Kurz ausgecheckt, treffe ich um 11:00 Uhr wieder auf dem Veranstaltungsgelände ein. Da ich mir vorher eine Alternativroute auf dem Handy herausgesucht hatte, schneller als am Vorabend. Gut so, denn, einige Areale hatte ich am ersten Tag kaum erkunden können.

Mittagessen im Festzelt direkt an der Rennstrecke wäre doch was? Vielleicht, aber leider reichen meine Zutrittsrechte dafür nicht aus. Eine Bifi aus der Bauchtasche muss also reichen.

Noch einmal ohne Hektik bei gemäßigtem Wetter alle Stände in Ruhe besichtigen. Ein Bierglas der ortsansässigen Brauerei, das wegen seiner außergewöhnlichen Form und natürlich mit dem dafür vorgesehenen Inhalt zum Kult-Objekt vieler Fans des Spektakels geworden ist, kommt als 2-Euro-Andenken in meine Einkaufstasche. Noch einige Sticker vom Hayburner-Stand, dann lockt der Jubel an der Offroad-Strecke des Bug-In auf der Baja-Bugs und Buggys ihr schlammiges Unwesen treiben.

 ©Bernd Bohle

Der größte der Campingplätze ist durch die nächtlichen Wassermassen ordentlich durchgeweicht, aber für mich dennoch ein Muss, um all die wunderbaren Autos dort zu bewundern. Belgier, Franzosen, Engländer, Deutsche und sogar US-Amerikaner in trauter Gemeinsamkeit. Einzig vereint durch die gemeinsame Liebe zum Volkswagen -sSo einfach kann es sein! Auf der mit Palmen kalifornisierten Ausstellungsfläche des Platzes finden sich zudem zahlreiche Käfer im auffälligem Cal-Look.

Die hatten sich unter anderem im Rahmen der „Cal Look Caravan“ zusammengefunden, eine gemeinschaftliche Ausfahrt von Bad Camberg über Wolfsburg bis ins belgische Chimay mit Größen wie dem VW-Journalisten Dean Kirsten sowie dem Pionier des „California Look“ Ron Flemming an Bord.

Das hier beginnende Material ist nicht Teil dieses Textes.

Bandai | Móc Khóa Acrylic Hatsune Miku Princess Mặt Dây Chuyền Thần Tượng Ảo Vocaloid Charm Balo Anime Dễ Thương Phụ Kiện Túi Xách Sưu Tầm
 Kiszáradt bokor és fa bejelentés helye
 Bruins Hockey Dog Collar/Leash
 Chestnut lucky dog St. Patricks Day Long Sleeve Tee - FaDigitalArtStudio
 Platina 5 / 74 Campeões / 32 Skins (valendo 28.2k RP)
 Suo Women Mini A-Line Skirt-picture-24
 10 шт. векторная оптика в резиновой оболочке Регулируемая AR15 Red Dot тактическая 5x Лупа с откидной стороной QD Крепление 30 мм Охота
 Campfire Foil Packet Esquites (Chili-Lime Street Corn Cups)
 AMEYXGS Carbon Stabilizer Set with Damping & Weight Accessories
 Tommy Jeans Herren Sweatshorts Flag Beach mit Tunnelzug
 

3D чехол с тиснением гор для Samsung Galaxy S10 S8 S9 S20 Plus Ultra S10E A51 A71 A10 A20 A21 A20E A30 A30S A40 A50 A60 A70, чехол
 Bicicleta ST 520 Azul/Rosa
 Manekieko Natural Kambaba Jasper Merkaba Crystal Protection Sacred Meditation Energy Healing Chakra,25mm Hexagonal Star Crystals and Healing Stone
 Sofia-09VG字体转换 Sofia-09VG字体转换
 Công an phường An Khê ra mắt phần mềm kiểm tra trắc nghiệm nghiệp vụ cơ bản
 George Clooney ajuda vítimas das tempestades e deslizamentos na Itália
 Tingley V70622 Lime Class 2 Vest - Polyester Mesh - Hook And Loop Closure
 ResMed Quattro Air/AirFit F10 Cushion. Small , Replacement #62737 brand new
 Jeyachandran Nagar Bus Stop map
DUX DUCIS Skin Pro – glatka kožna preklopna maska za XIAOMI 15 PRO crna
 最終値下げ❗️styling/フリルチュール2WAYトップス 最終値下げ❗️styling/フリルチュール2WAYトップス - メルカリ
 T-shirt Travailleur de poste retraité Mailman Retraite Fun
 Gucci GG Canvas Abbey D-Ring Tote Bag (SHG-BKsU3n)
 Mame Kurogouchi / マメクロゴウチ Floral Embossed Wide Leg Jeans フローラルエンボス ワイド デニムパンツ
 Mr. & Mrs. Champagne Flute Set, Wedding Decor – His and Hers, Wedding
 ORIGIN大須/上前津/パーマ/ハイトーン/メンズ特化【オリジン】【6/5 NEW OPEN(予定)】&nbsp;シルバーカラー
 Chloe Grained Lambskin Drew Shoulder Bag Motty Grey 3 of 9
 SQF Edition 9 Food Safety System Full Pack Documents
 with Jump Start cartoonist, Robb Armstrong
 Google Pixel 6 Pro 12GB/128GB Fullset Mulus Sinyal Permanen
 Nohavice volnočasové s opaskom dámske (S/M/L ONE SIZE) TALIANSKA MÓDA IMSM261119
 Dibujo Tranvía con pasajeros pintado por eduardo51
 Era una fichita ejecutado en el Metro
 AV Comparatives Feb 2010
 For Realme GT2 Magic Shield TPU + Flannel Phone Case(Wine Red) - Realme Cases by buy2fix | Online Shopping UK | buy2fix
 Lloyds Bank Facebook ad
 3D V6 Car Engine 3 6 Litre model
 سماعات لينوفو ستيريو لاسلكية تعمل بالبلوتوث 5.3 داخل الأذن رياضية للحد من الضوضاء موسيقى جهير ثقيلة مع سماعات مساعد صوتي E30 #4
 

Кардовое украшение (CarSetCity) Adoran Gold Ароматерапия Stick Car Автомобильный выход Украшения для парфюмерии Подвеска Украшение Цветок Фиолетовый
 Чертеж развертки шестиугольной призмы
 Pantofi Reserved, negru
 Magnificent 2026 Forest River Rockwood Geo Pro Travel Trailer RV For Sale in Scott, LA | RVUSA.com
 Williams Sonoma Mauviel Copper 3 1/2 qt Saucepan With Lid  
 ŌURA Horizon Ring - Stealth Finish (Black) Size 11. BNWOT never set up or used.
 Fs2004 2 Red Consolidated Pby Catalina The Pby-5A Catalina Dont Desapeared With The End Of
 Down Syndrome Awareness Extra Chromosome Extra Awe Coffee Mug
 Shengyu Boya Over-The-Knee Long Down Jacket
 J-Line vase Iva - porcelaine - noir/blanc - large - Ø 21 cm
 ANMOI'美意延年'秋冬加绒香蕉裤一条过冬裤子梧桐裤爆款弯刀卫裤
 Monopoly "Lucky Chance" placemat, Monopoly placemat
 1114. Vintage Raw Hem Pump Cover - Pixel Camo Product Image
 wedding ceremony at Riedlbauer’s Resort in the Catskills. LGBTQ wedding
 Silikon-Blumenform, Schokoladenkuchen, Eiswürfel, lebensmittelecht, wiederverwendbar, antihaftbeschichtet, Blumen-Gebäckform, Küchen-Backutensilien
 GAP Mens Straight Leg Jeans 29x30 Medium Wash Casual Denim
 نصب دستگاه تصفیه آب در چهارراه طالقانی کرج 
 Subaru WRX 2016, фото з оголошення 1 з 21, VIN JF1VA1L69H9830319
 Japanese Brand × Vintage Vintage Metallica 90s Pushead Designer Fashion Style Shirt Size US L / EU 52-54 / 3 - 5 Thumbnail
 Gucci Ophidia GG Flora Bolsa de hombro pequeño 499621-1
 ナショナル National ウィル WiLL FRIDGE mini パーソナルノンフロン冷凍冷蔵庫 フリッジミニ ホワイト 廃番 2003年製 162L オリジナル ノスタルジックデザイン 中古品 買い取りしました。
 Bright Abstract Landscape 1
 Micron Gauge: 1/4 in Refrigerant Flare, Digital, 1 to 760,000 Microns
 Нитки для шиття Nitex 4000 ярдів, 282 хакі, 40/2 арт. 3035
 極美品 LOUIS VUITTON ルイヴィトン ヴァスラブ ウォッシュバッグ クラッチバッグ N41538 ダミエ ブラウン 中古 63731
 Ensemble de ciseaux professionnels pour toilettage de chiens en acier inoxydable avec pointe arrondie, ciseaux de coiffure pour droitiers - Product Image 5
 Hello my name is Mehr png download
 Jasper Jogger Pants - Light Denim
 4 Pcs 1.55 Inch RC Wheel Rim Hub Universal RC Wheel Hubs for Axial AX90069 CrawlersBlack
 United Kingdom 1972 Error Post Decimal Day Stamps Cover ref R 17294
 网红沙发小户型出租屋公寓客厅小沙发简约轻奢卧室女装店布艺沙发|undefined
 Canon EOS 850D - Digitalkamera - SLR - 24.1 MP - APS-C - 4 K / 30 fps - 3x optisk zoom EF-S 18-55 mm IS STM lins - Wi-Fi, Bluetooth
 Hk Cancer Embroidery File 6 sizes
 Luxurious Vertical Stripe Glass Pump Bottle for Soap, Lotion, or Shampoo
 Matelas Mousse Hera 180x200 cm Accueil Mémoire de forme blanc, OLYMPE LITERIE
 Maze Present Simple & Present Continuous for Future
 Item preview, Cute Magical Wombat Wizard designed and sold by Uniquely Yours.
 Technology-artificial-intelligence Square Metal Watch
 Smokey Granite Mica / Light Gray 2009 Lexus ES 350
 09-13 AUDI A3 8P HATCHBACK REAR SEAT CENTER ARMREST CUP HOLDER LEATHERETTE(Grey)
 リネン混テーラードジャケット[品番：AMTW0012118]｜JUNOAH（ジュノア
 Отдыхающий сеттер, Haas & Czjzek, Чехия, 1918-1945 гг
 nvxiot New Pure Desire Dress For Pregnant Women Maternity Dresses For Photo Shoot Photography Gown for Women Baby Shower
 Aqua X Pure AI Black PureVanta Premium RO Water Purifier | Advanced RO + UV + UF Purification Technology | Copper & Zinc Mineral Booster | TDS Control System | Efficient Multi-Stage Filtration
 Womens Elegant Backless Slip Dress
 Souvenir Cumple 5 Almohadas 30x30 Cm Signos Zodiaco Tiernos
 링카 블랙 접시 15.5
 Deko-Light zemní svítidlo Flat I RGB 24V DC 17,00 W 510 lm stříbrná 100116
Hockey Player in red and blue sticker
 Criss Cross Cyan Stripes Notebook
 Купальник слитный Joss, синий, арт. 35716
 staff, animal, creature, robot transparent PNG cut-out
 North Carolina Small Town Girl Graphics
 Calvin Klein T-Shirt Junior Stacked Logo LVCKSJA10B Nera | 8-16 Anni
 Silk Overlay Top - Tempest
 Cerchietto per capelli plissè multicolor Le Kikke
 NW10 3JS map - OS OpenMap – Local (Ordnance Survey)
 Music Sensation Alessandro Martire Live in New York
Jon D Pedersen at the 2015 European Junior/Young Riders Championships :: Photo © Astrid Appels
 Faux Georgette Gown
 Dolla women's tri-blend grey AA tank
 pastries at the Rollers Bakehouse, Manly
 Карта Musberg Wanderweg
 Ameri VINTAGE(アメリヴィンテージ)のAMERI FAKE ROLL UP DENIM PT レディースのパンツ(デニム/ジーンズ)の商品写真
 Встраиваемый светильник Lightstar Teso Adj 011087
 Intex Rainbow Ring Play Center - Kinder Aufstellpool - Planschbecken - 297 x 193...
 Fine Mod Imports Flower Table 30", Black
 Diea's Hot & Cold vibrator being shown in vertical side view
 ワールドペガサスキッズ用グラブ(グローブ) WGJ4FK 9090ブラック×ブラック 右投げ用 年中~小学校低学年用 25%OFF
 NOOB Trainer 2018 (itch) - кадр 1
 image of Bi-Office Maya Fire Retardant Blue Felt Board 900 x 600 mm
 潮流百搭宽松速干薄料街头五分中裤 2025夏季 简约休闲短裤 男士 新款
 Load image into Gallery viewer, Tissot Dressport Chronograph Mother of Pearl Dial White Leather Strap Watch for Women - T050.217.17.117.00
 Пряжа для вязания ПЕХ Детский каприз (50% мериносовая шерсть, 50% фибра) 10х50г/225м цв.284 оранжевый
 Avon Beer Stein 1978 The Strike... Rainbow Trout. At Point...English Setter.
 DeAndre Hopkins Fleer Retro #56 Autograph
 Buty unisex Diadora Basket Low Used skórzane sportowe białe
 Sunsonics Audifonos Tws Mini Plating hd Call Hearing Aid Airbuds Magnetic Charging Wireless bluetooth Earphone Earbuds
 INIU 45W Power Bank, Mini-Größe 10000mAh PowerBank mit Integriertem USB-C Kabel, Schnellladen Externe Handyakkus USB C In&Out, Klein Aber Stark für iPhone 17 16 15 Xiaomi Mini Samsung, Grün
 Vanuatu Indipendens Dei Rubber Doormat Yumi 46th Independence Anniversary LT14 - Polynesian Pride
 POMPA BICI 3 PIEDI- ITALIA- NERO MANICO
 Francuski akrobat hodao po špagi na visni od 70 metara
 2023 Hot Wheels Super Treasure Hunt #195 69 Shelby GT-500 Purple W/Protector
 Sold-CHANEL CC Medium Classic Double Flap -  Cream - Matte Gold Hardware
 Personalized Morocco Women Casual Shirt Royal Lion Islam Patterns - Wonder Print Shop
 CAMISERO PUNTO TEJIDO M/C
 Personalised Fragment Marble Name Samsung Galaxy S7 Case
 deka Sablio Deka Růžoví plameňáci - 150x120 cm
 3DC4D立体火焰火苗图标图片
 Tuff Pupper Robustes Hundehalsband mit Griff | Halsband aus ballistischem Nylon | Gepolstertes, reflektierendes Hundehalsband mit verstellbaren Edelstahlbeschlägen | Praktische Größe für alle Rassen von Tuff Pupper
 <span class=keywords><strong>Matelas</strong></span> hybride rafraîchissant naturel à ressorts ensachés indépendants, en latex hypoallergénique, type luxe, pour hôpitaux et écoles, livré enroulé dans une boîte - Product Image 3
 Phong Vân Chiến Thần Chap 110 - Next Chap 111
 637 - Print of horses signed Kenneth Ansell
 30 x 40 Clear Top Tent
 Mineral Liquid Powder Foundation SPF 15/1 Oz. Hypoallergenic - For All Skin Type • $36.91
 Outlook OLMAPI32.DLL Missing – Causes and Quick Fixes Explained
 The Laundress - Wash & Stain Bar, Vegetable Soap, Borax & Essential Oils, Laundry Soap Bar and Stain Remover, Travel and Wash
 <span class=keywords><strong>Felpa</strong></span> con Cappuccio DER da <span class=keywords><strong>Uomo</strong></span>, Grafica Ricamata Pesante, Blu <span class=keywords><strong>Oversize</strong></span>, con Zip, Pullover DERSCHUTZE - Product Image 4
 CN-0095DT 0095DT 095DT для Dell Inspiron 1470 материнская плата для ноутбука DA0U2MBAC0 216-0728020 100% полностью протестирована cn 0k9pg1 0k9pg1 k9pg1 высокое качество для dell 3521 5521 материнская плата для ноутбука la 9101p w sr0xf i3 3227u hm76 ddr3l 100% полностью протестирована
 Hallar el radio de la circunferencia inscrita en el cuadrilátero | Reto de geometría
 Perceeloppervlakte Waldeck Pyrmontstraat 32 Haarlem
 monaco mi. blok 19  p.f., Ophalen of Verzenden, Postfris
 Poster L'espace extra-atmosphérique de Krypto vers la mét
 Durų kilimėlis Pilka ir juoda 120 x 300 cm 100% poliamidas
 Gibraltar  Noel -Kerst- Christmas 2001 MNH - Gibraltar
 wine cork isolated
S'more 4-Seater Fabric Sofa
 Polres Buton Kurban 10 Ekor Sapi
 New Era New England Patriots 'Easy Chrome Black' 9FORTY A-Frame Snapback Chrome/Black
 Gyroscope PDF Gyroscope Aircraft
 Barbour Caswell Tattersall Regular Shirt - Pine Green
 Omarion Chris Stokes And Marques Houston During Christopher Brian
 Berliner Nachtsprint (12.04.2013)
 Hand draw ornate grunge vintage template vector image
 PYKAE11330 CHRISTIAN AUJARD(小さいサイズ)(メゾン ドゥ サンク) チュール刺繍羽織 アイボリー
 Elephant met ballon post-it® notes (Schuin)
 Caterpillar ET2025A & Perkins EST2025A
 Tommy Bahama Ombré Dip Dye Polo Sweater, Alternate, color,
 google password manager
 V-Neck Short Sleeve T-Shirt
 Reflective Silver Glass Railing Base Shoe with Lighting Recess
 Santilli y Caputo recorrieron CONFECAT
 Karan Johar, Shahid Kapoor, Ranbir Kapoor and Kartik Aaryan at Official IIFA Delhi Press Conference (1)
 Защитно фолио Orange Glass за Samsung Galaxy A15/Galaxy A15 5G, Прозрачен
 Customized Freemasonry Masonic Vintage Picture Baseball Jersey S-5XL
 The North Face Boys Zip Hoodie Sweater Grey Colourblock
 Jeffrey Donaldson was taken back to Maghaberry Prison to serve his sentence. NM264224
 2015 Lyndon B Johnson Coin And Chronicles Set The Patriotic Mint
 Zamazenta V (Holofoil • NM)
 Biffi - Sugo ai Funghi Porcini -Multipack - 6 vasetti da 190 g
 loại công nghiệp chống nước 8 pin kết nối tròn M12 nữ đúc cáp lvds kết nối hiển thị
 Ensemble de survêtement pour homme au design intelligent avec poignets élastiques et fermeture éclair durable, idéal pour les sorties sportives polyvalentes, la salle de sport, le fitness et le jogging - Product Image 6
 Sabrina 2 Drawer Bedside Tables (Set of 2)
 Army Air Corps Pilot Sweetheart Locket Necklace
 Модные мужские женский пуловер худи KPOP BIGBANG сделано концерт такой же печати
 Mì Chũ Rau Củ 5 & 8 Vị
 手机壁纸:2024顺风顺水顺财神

Auch wenn der Käfer hier, wie der Name des Events schon verrät, eine große Rolle einnimmt, so ist sein Nachkomme, der Bulli, wohl mit den meisten Exemplaren vertreten. Wahrscheinlich spielt hier der Vorteil eines Busses ihn als Schlafmöglichkeit zum Nutzen in die Karten.

Ein Ort an dem sich eben alle Modell-Linien unter dem Nimbus der Luftgekühlten vereinen. Eine bunte, kraftvolle Szene, die sich in Chimay vollends entlädt.

Auf dem Heimweg, bei dem mich viele Busse und Käfer begleiten, lasse ich alles noch einmal Revue passieren. Was für ein Happening, was für eine tolle Organisation des Bug-In-Matserminds Frederic Peeters. Restlose Begeisterung meinerseits.

Übrigens habe ich gesehen, dass gerade die Bullifahrer auf dem Rückweg von der belgischen Polizei herausgefischt wurden. Am Abend des letzten Tages sollte man also nicht zu tief in das bauchige Chimay-Glas schauen. Prost und bis demnächst, du wallonische Versuchung.